§ **Your assignment**
Please transcribe the entries that follow exactly as they stand, skipping each picture.

§ **Entries provided**
--- START ---

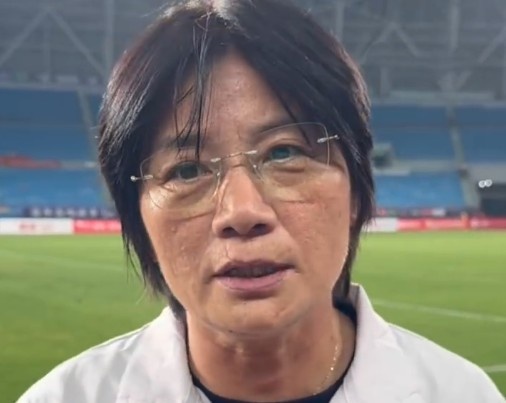 水庆霞：我是盐城人为盐城队加油，苏超爆火更注重的是比较纯粹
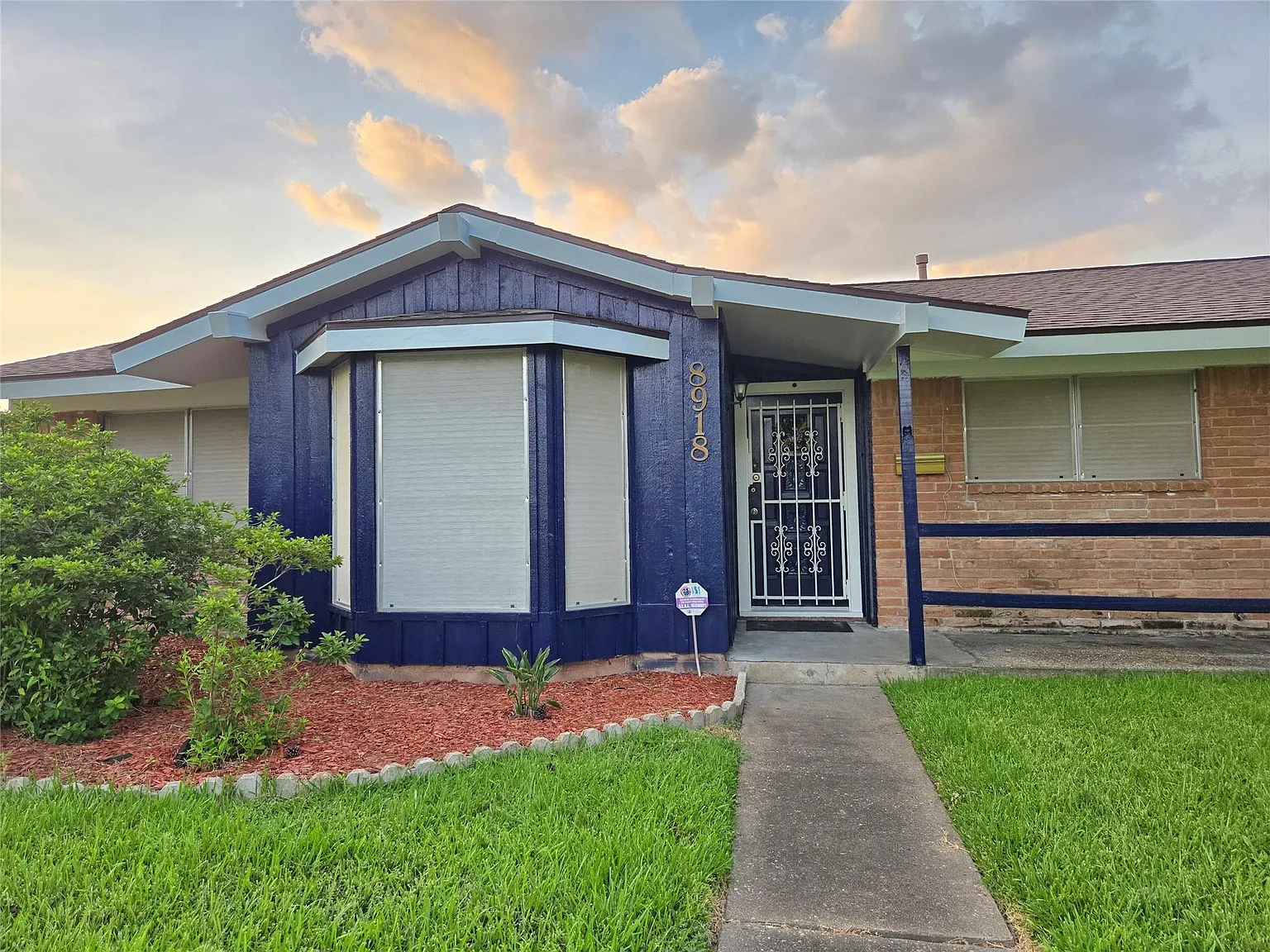 3 bed, 2.0 bath, 1786 sqft, $2,000 — Photo 2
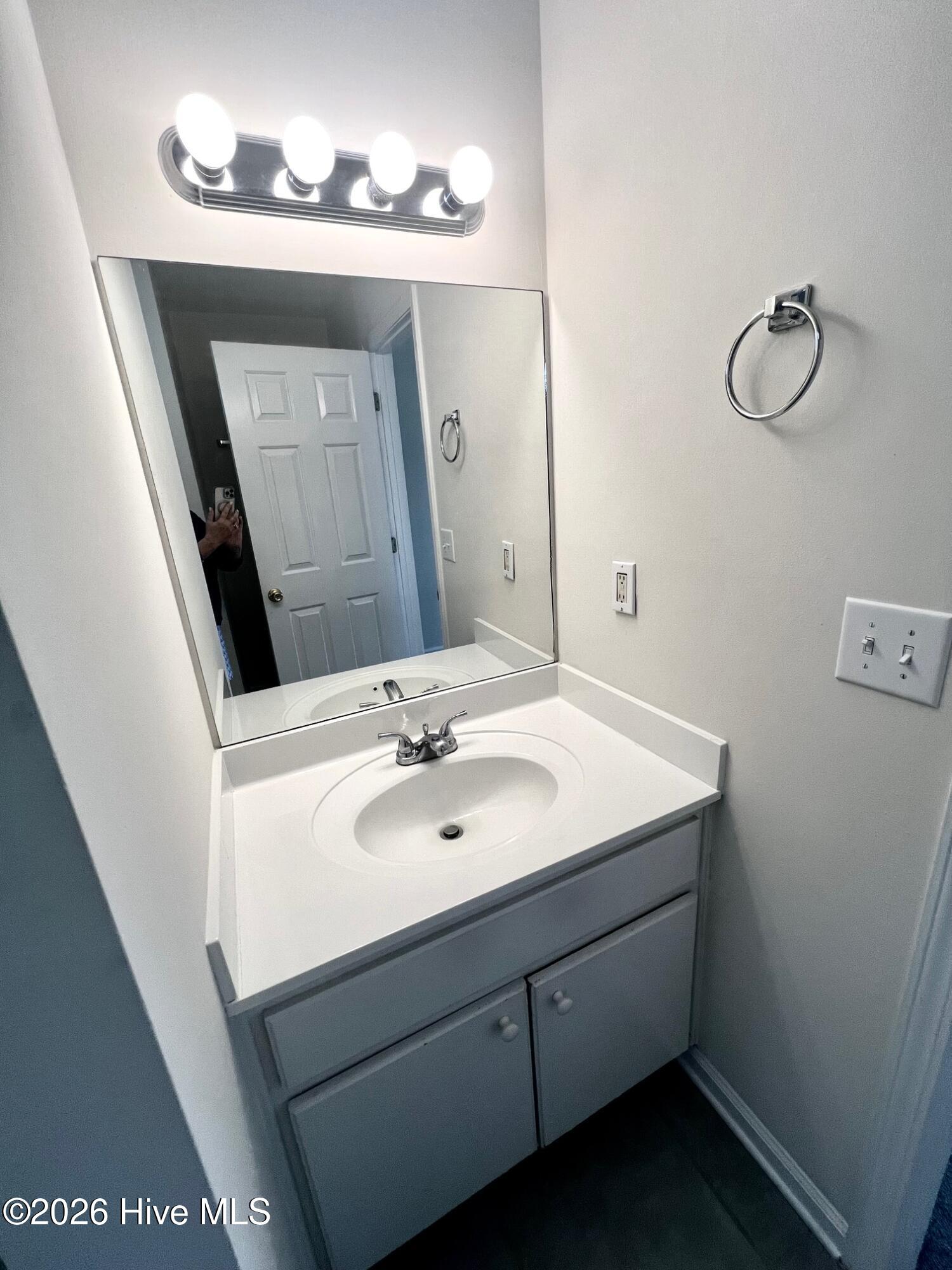 105 White Ash Lane Property Photo 11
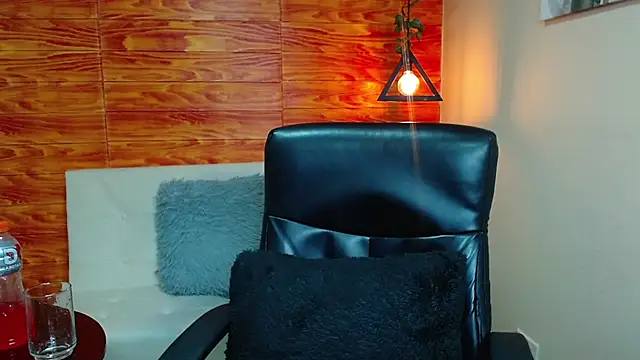 Bastiaan 28 online show from December 24, 2024, 2:10 am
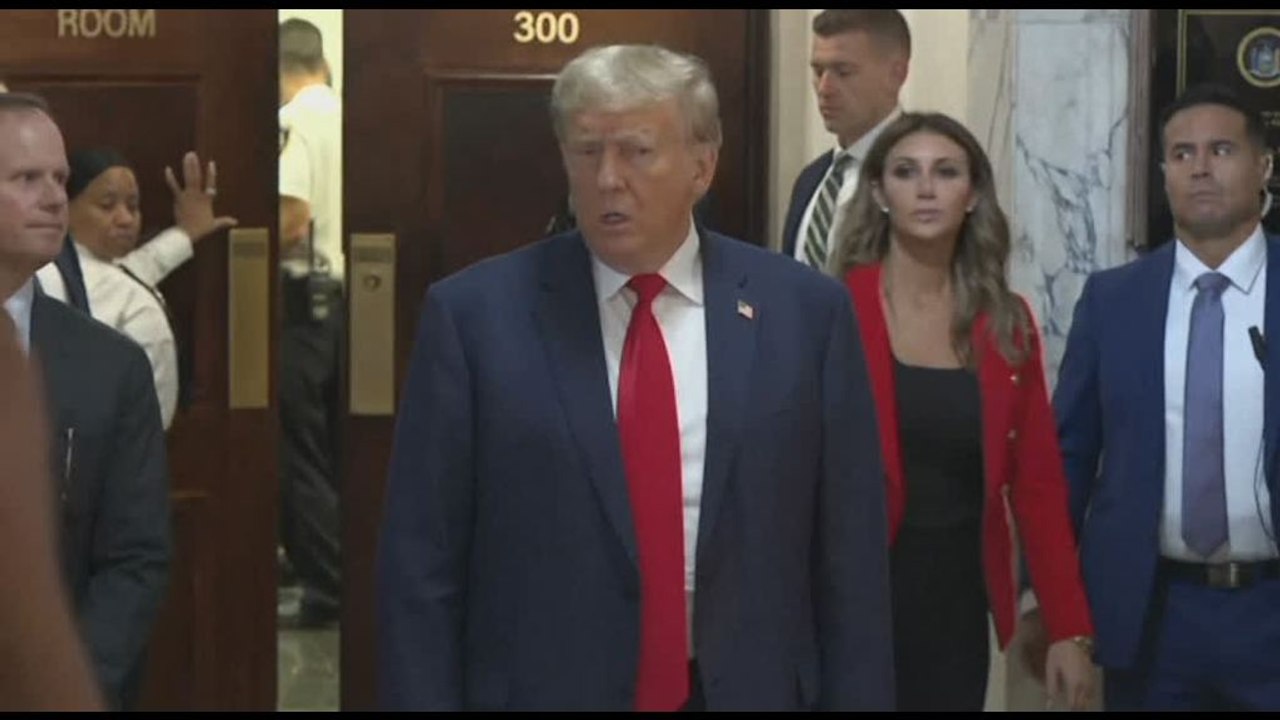 Donald Trump torna in tribunale per il secondo giorno del processo per frode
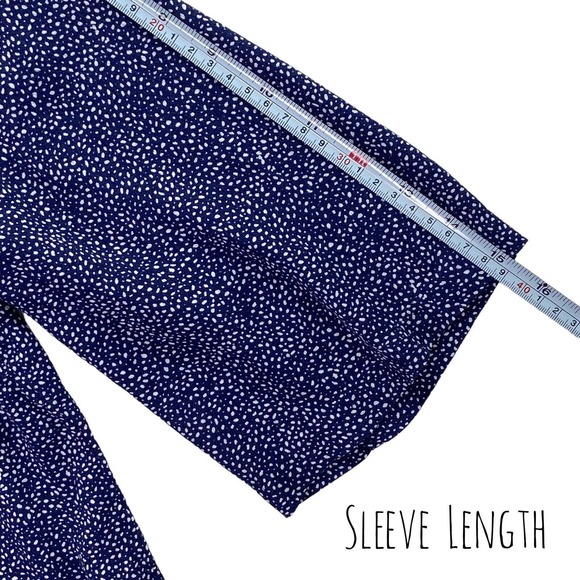 H&M Size 14 Women’s Blouse Top Navy Blue Polkadots print 3/4 sleeve lightweight - Picture 5 of 11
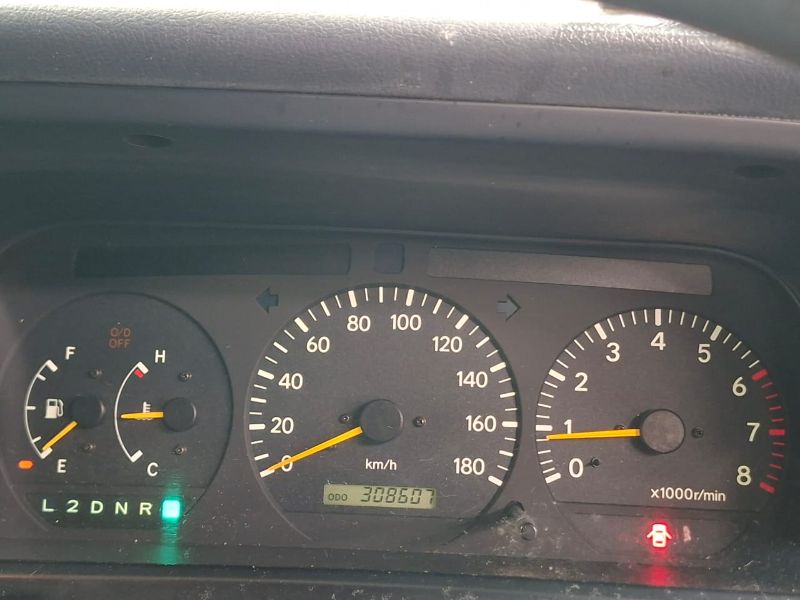  30028  TOYOTA HIACE  2004  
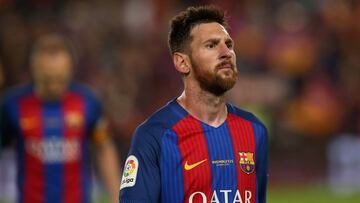 Football Soccer - FC Barcelona v Eibar - Spanish Liga Santander - Nou Camp, Barcelona, Spain - 21/5/17Barcelona’s Lionel Messi looks dejected after the match Reuters / Albert Gea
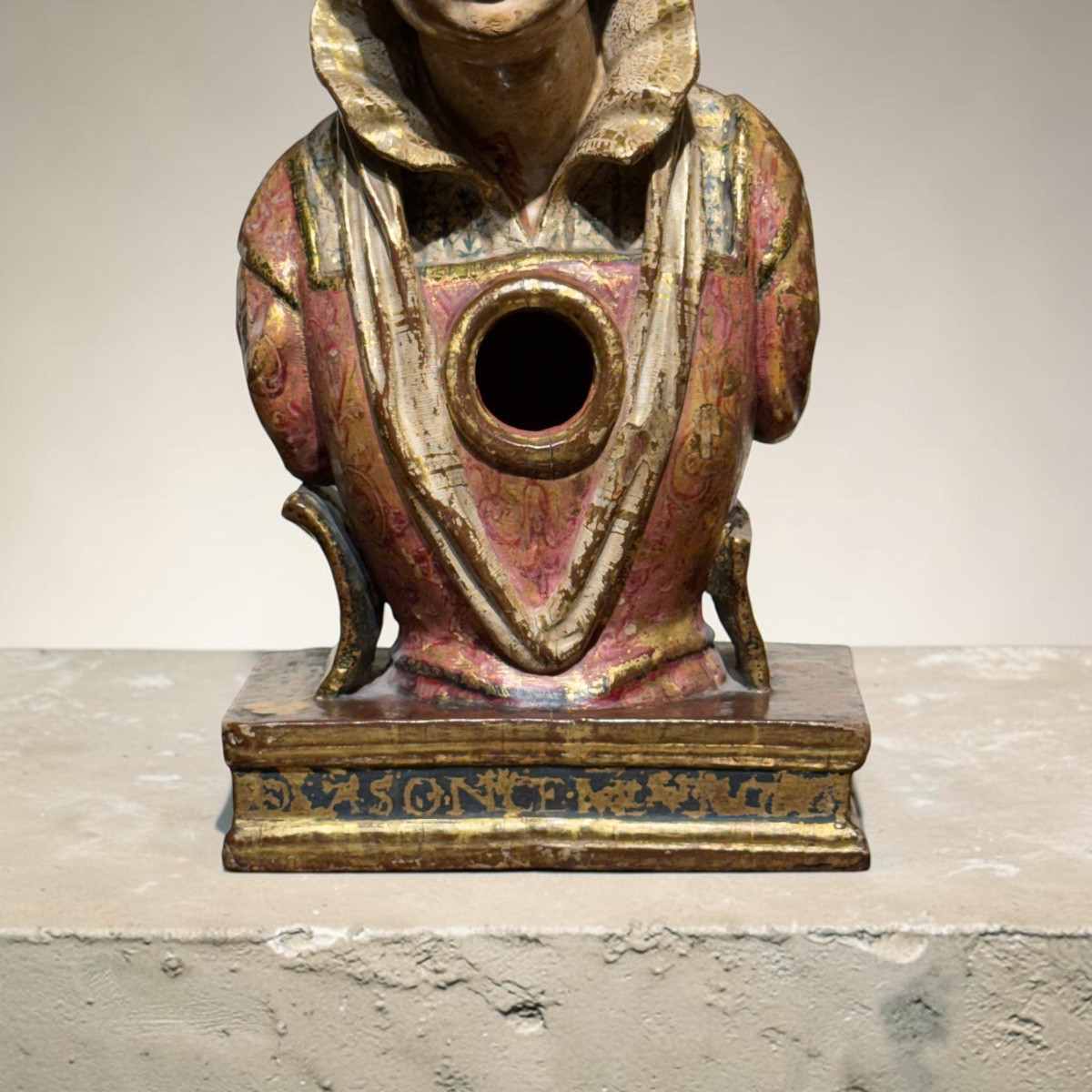 Reliquaire en forme de buste. XVIIe siècle.  Bois polychromé.-photo-4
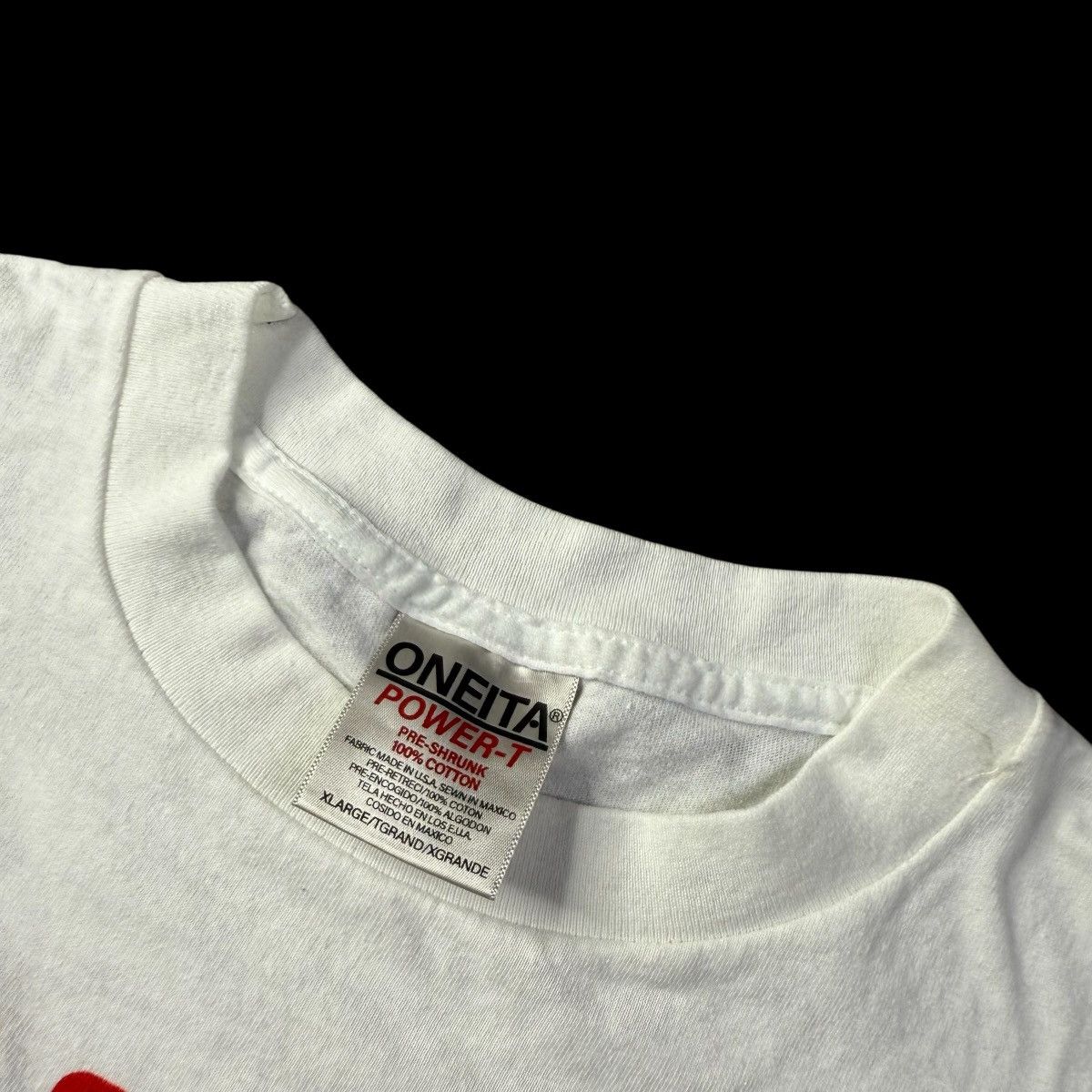 Band Tees Red Hot chili pepper Size US XL / EU 56 / 4 - 4 Thumbnail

--- END ---

§ **Response for this exercise**
 水庆霞：我是盐城人为盐城队加油，苏超爆火更注重的是比较纯粹
 3 bed, 2.0 bath, 1786 sqft, $2,000 — Photo 2
 105 White Ash Lane Property Photo 11
 Bastiaan 28 online show from December 24, 2024, 2:10 am
 Donald Trump torna in tribunale per il secondo giorno del processo per frode
 H&M Size 14 Women’s Blouse Top Navy Blue Polkadots print 3/4 sleeve lightweight - Picture 5 of 11
  30028  TOYOTA HIACE  2004  
 Football Soccer - FC Barcelona v Eibar - Spanish Liga Santander - Nou Camp, Barcelona, Spain - 21/5/17Barcelona’s Lionel Messi looks dejected after the match Reuters / Albert Gea
 Reliquaire en forme de buste. XVIIe siècle.  Bois polychromé.-photo-4
 Band Tees Red Hot chili pepper Size US XL / EU 56 / 4 - 4 Thumbnail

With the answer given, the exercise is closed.